6. In the meantime, on 3 November 2008, the Pensions Appeal Tribunal (PAT) had been abolished and its functions transferred to the First-tier Tribunal (War Pensions and Armed Forces Compensation Chamber) by the Transfer of Tribunal Functions Order 2008; the procedural rules governing PAT proceedings in England Wales (the Pensions Appeal Tribunal (England and Wales) Rules 1980) had been replaced by the Tribunal Procedure (First-tier Tribunal) (War Pensions and Armed Forces Compensation Chamber) Rules 2008, which I shall call the “Chamber Rules”.
7. The SPVA replied to the letter of 17 December in a letter of 31 December 2008 enclosing further forms and saying that forms had originally been issued in October 2007, that the appeal would have to be treated as a late appeal and that the “late appeal part of the form would need to be completed”. The evidence of the Agency to the Administrative Court in R (Secretary of State for Defence) v Pensions Appeal Tribunal [2007] EWHC 1177 (Admin) was that appeal forms are sent out whether or not it appears that the appeal is out of time, since that is a matter for the tribunal (see paragraph 23 of the judgment); that seems to me to be a principled approach.
8. The solicitors submitted the appeal form under cover of a letter of 6 February 2009, saying that they had signed the form on the claimant’s behalf as she lived abroad. The letter asked the Agency to submit the appeal forms to the tribunal together with copies of an accompanying letter addressed to the Tribunal and of the previous correspondence between the solicitors and the Agency. The letter to the tribunal recounted the history of the appeal, contained an explanation of the failure to notice the non-arrival of the appeal forms in 2007, submitted that the case did not turn on oral evidence and would not be prejudiced by the delay, and asked the tribunal to allow it to proceed.
9. It appears that the Agency returned the forms to the solicitors because no written authority from the claimant had been supplied. The forms were sent in again, accompanied by written authority, in March 2009. On 20 March 2009 the Agency wrote to the solicitors saying that the matter had been passed to the case worker dealing with the appeal.
10. On 14 July 2009 the solicitors wrote again asking for an update. The Agency replied on 16 July, apologising for the delay and saying that it had been seeking advice from its Policy section regarding the case; it was currently preparing an appeal bundle that would be forwarded to all parties as soon as it was complete. The papers do not disclose precisely when this happened, but in their respective submissions to the First-tier or Upper Tribunal the solicitors said that the case was referred to the tribunal on or about 3 September 2009; the Secretary of State has said it was on 2 September.

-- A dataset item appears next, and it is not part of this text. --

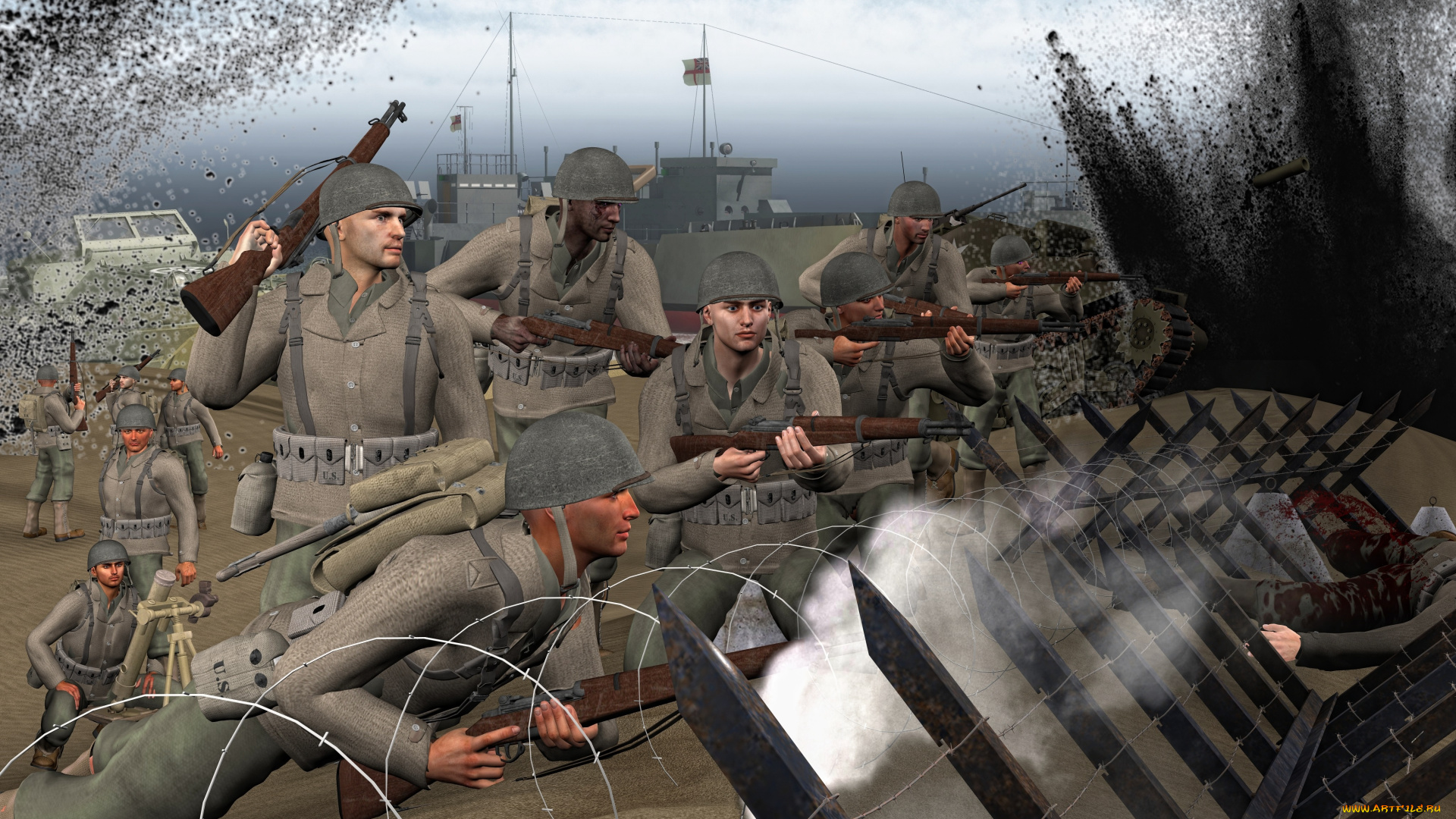 3д, графика, армия, , military, оружие, солдаты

11. On 30 November 2009 a tribunal judge directed the SPVA to respond to the assertions in the solicitors’ letter of 6 February 2009 about the apparent failure to supply appeal forms in 2007. The Agency replied on 7 December referring to the appeal action sheet that I have referred to in paragraph 4 above. The tribunal thereupon directed that the appeal be listed for the claimant to show cause why the appeal should not be struck out for non-compliance with rule 21(1) of the Chamber Rules. The claimant’s solicitor prepared a written submission and appeared before the tribunal at a hearing on 20 July 2010. His submission was that the tribunal should, in accordance with the over-riding objective, waive certain of the requirements of rule 21 so that the letter of 28 September 2007 could be treated as the notice of appeal.
12. The tribunal rejected the submission, holding that as at the date of the 2007 letter the PAT Rules required an appeal to be commenced by a notice of appeal on an appropriate form; although the letter might have qualified under the Chamber Rules, these could not be applied retrospectively to perfect an appeal that was invalidly made. At the same time, the tribunal gave permission to appeal to the Upper Tribunal on the questions:
(1) Are the new rules retrospective when considering “spanning cases” being appeals initiated under one set of rules but subsequently being processed under another set?

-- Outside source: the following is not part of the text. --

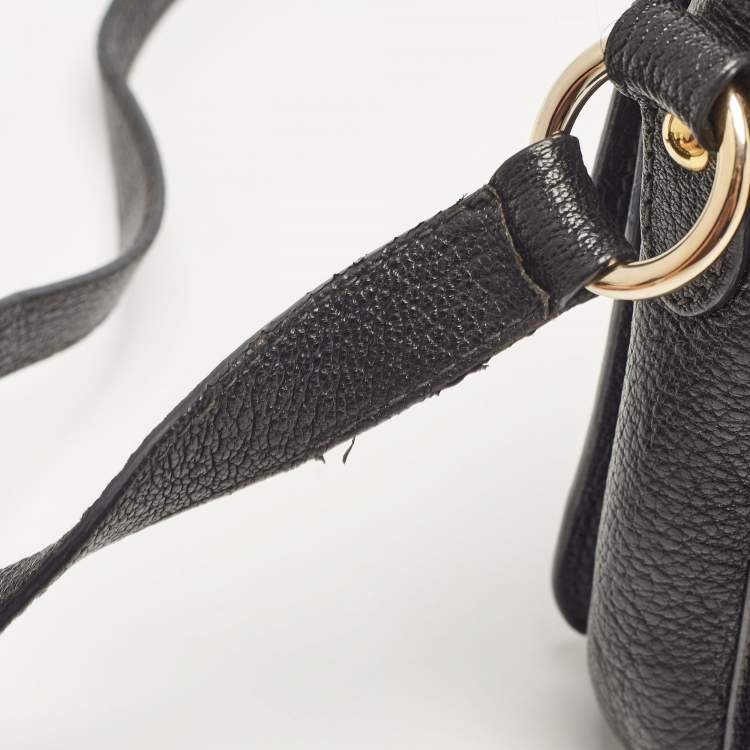 Pre Owned Miu Miu Black Madras Leather Flap Shoulder Bag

(2) To what extent (if at all) can some of the information required by rule 21 be dispensed with? Some of the details required are already held by the SPVA and are of an administrative nature only. Other requirements are more fundamental.

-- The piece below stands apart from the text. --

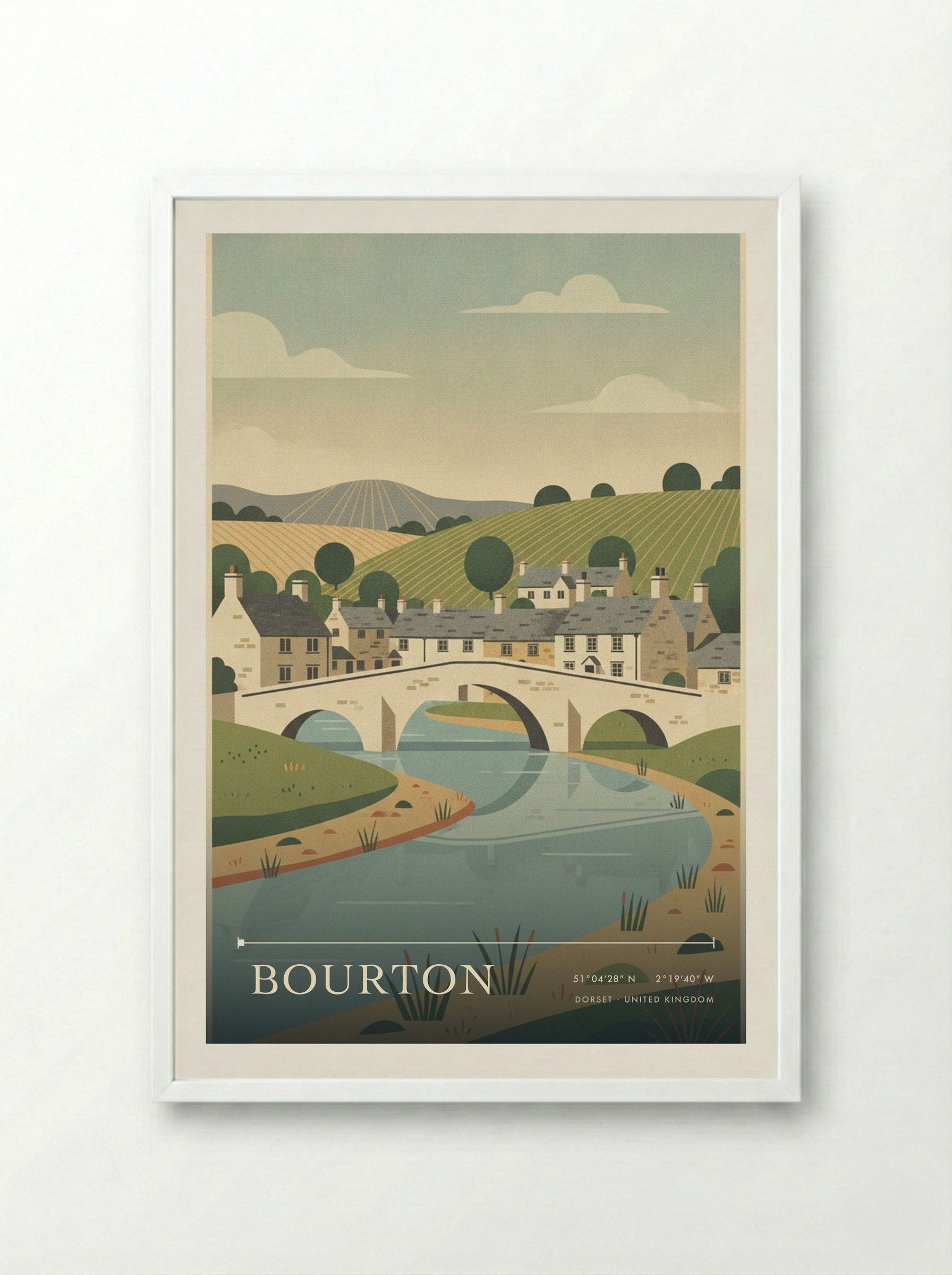 Bourton Dorset United Kingdom Travel Poster - Framed Print White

(3) Are there any grounds to allow this appeal to proceed in the interests of justice?
13. In November 2010 an Upper Tribunal judge directed the Secretary of State to provide a response to the appeal and permitted the claimant to reply to it. He extended the permission to appeal to cover any grounds that might be raised and directed the parties to indicate whether they wished for an oral hearing of the appeal. Both parties have indicated that they do not wish for an oral hearing.
The legislation
14. Before discussing the parties’ submissions, it is helpful to set out the legislative background.
15. Pension Appeals Tribunals were created by the Pensions Appeal Tribunals Act 1943, which also specified their jurisdiction and the manner of bringing appeals before them. Section 8 of the Act, as amended, provided in 2007 (i.e. at the time of the solicitors’ letter of 28 September 2007) that
(1) No appeal shall be brought under any provision of this Act except subsection (1) of section five unless notice of that appeal is given, in such manner as may be prescribed by rules made under the Schedule to this Act, not later than six months after the date on which the decision or assessment is notified to the claimant.
…..
(5) The Minister may by regulations made by statutory instrument provide that the Tribunal may, in circumstances prescribed in the regulations, allow an appeal to be brought not later than twelve months after the end of any period limited by this section.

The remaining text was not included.